Pourtant le spectacle peine à convaincre. Est-ce par lassitude de ces mises en scène où le jogging est devenu la tenue obligée ? Cela vient-il de la chorégraphie, entre une gestuelle des chevaliers peu signifiante et celle, obscène, des filles-fleurs ? Ce tableau du second acte n’est pas sans beauté, mais l’on aurait aimé que la mise en scène joue pleinement la carte de la pornographie et de la violence sexuelle infligée à ce gros bébé de Parsifal au lieu de s’abriter derrière le grotesque pour ne pas dire le burlesque. Quant à un Klingsor en généticien fou réalisant ses expériences dans une nurserie où seule perce la lumière des lampes chauffantes, soit, mais était-ce bien nécessaire ? Il n’en reste pas moins que le baryton-basse Falk Struckmann incarne un très sardonique magicien tout droit sorti du cinéma expressionniste allemand.

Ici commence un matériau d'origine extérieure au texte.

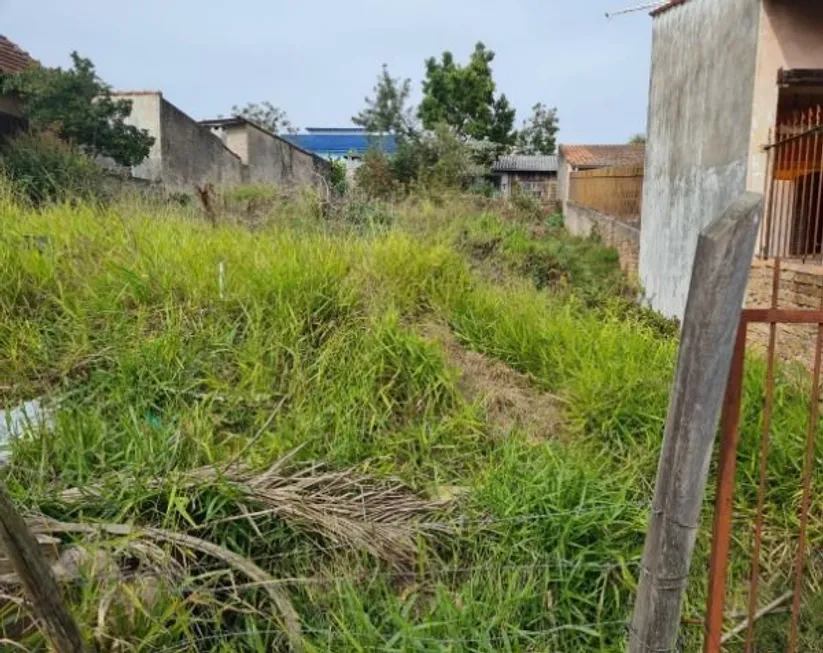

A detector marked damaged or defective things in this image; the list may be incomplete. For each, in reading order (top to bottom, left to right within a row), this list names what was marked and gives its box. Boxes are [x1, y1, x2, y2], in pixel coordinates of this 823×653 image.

rusty metal gate [700, 258, 823, 648]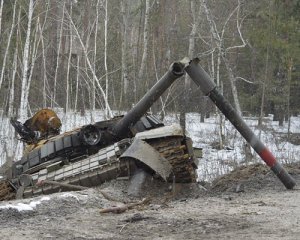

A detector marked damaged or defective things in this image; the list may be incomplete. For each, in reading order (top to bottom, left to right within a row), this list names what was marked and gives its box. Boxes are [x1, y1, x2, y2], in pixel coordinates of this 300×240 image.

burned wreckage [0, 57, 296, 201]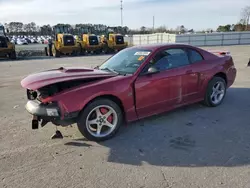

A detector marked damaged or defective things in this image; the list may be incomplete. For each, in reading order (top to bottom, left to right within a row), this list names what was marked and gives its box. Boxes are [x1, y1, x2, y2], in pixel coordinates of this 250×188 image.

crumpled hood [20, 66, 117, 90]
damaged red mustang [21, 43, 236, 141]
front bumper damage [25, 100, 78, 130]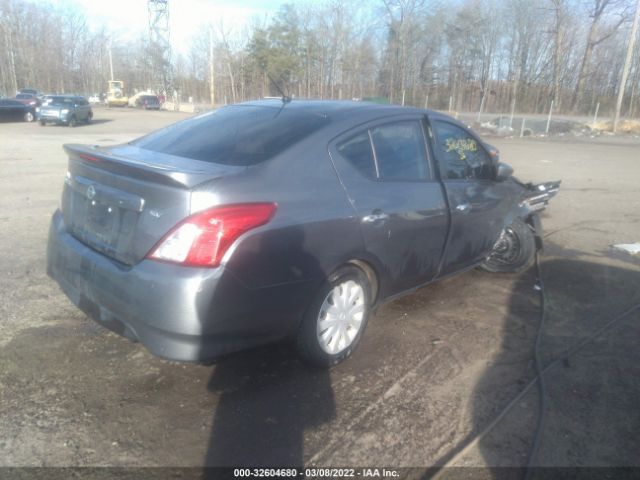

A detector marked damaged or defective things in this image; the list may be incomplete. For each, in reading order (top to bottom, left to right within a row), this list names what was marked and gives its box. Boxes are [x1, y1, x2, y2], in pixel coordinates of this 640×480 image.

damaged gray sedan [45, 99, 556, 366]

À voir ce spectacle pourtant fort élaboré, composé de tableaux qui ne sont pas sans beauté, mais où nombre d’inutilités agacent, comme ces dictionnaires bleus dont se saisissent en permanence les chevaliers, on se prend à rêver à un nouveau Wieland Wagner et à un Parsifal débarrassé des scories qui encombrent bien des lectures – pour employer un vilain mot – contemporaines. Il n’est certes pas aisé de prendre au sérieux le sous-titre voulu par Wagner sans tomber dans la grandiloquence.

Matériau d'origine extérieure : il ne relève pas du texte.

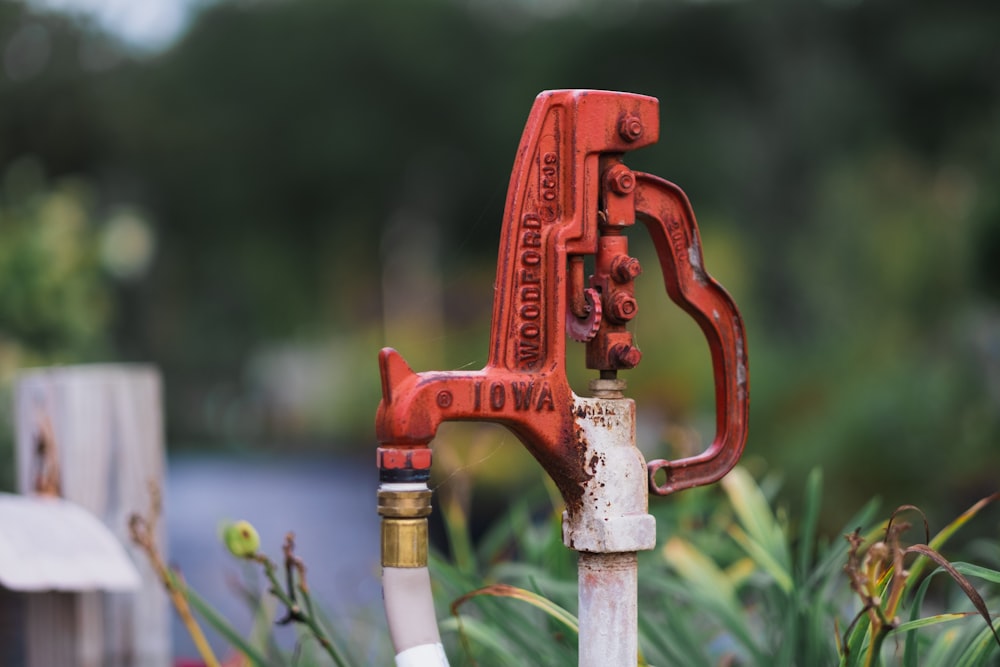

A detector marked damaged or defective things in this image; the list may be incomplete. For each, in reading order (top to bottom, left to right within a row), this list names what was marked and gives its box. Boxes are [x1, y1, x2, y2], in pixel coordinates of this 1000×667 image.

rusty white pipe [378, 486, 450, 667]
rusty white pipe [564, 384, 656, 667]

La direction d’orchestre est fort remarquable et choisit de souligner la narrativité de l’œuvre, ce qui s’accorde avec les choix de mise en scène. Aussi Simone Young tire-t-elle de l’Orchestre de l’Opéra national de Paris d’amples phrases ponctuées d’une violence contenue, alors que la communauté du Graal survit dans le monde étouffant de Montsalvat. C’est un long récit musical que construit l’Orchestre de l’Opéra national de Paris. La scène figure en plan de coupe les intérieurs d’une institution des années cinquante. Le décor coulisse de gauche à droite, révélant le jardin, les cuisines et l’amphithéâtre où se déroulent les assemblées. Ce mouvement, d’un tableau l’autre, épouse la narration. Le Gurnemanz de la basse coréenne Kwangchul Youn impressionne et paraît conduire l’histoire de sa voix profonde et claire tout à la fois. Le mariage avec la direction énergique de Simone Young est fort réussi. La voix cuivrée de Reinhard Hagen frappe d’autant plus qu’elle est projetée de la coulisse, alors que le personnage de Titurel est campé sur scène par un vieillard chancelant soutenu par ses compagnons, qui tient de la marionnette désarticulée.

L’acte II est le plus convaincant car, dès lors qu’apparaissent les filles-fleurs dont les accents tentent de séduire Parsifal, le spectateur est transporté dans l’univers scénique d’Olivier Py. Le praticable sur lequel reposent les jeunes femmes que le génie génétique a transformées en épis de maïs géants s’éloigne dans l’obscurité pour laisser la scène vide où, comme sur un ring, se déroule le duel vocal entre Kundry et Parsifal dans une mise à nu des êtres dépouillés de leur vêtements. Les deux voix dialoguent, s’affrontent et se mêlent avec une grande force et, même, avec une sorte de sauvagerie. La mezzo Marina Prudenskaja impose, de sa voix ample et colorée, une indiscutable présence à laquelle se heurte le Parsifal de Simon O’Neill. Le ténor néo-zélandais joue ici le destin de son personnage et sa métamorphose en homme.  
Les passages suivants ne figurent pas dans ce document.